Randonnée France-Népal

Maxime, jeune Chazellois de 28 ans, a vécu en 2009, une aventure exceptionnelle. Il nous partage volontiers ses découvertes (Présence mariste N° 270, janvier 2012)

En quelques mots, dis-nous les grandes lignes de ton aventure ?
J’ai entrepris ce voyage vers l’Inde le 24 janvier 2009 pour une durée initiale de 6 à 8 mois ; ce voyage aura finalement duré près d’une année. Après quelques expériences de cyclotourisme plus courtes en France, en Europe et en Afrique du Nord, l’envie de vivre une aventure au long cours était de plus en plus présente.

Famille (Kyrghizstan)
Famille (Kyrghizstan)


Attiré par les contrées orientales, pays des mille et une nuit, route de la soie, Iran tant décrié, hautes routes himalayennes, curiosité de cette Inde tellement différente… m’a fait traverser l’Europe du Sud, pour rejoindre la Turquie. Sans visa pour l’Iran, le chemin de l’Asie centrale ne pouvait passer que par la Géorgie et l’Azerbaïdjan. Ensuite, Turkménistan, Ouzbékistan, Kyrghizstan, Tadjikistan, le Pakistan pour arriver en Inde et au Népal.
Partir à vélo et s’immerger lentement dans la contrée visitée, pas de décalage horaire, pas de bouffée de chaleur à la descente de l’avion, une multitude de rencontres qui apportent toujours un peu plus de compréhension des cultures.
Le retour en avion, après 354 jours de voyages, 14 pays traversés et 198 jours de vélo, est brutal !
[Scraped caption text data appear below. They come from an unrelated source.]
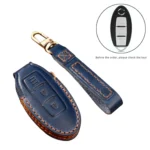 Hallmo Car Cowhide Leather Key Protective Cover Key Case for Nissan Sylphy 2-button - Image 2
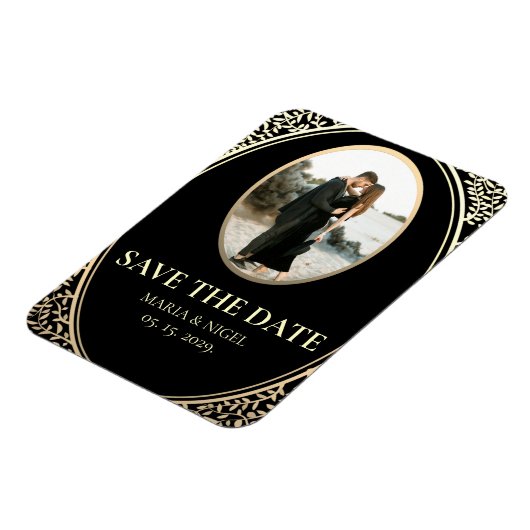 Schwarzes Foto Hochzeit speichern das Datum Einlad Magnet (Linke Seite)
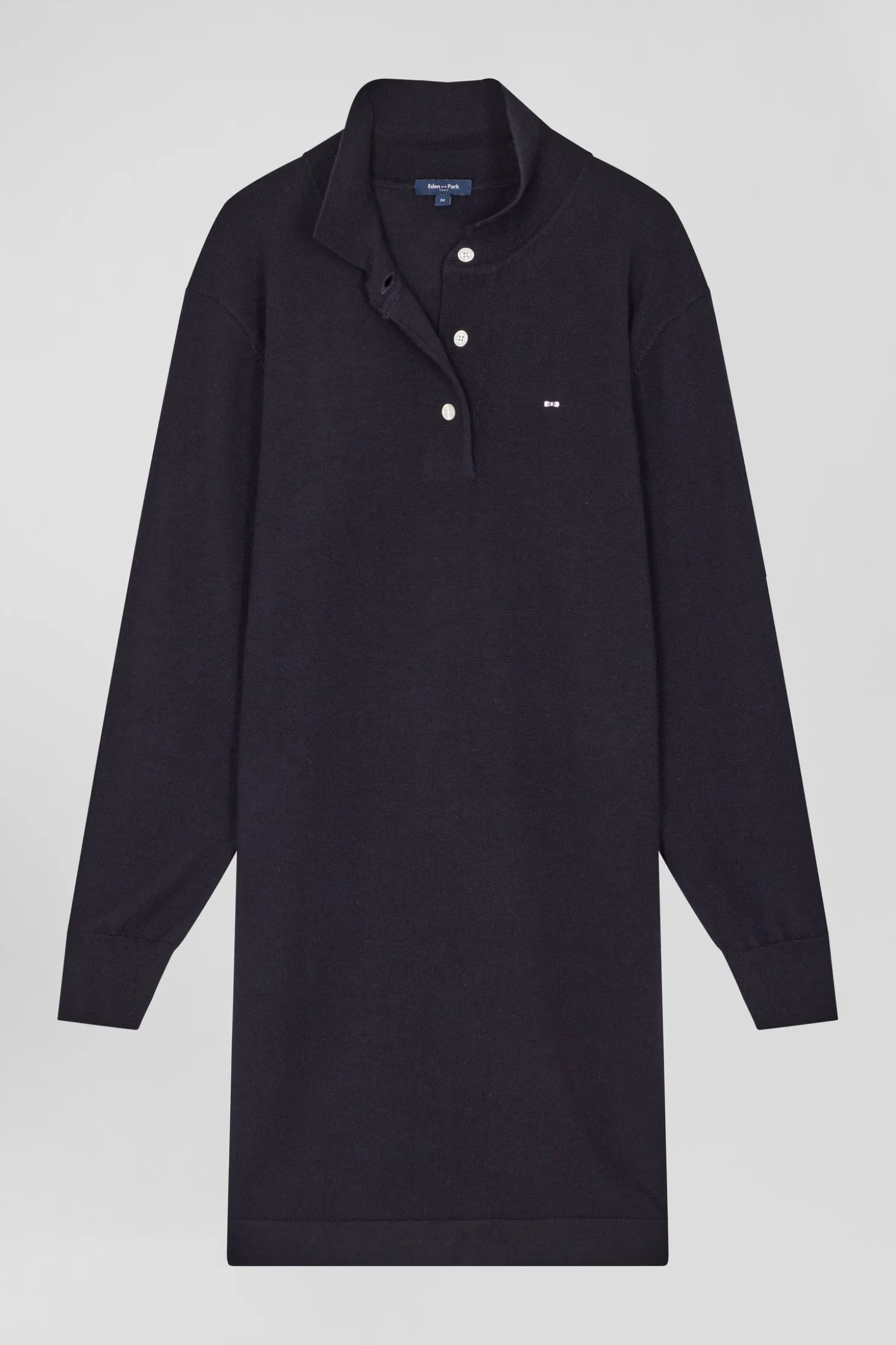 Robe col maillot en laine bleu marine coupe Regular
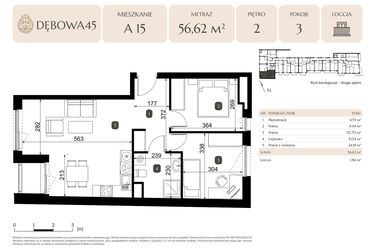 Rzut - Mieszkanie na sprzedaż 3 pokoje o powierzchni 56,62 m² - numer A.15 w Dębowa 45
Yourte et Khumiz (lait de jument fermenté)
Yourte et Khumiz (lait de jument fermenté)

Comment l’as-tu préparé ?
Finalement, la préparation a été assez simple. Mon expérience de plusieurs voyages à vélo me permettait d’envisager ce projet avec sérénité. Avec quelques économies, je n’ai pas eu à me soucier du financement. Une part importante de la préparation a consisté à glaner des informations sur les pays traversés, notamment sur les visas.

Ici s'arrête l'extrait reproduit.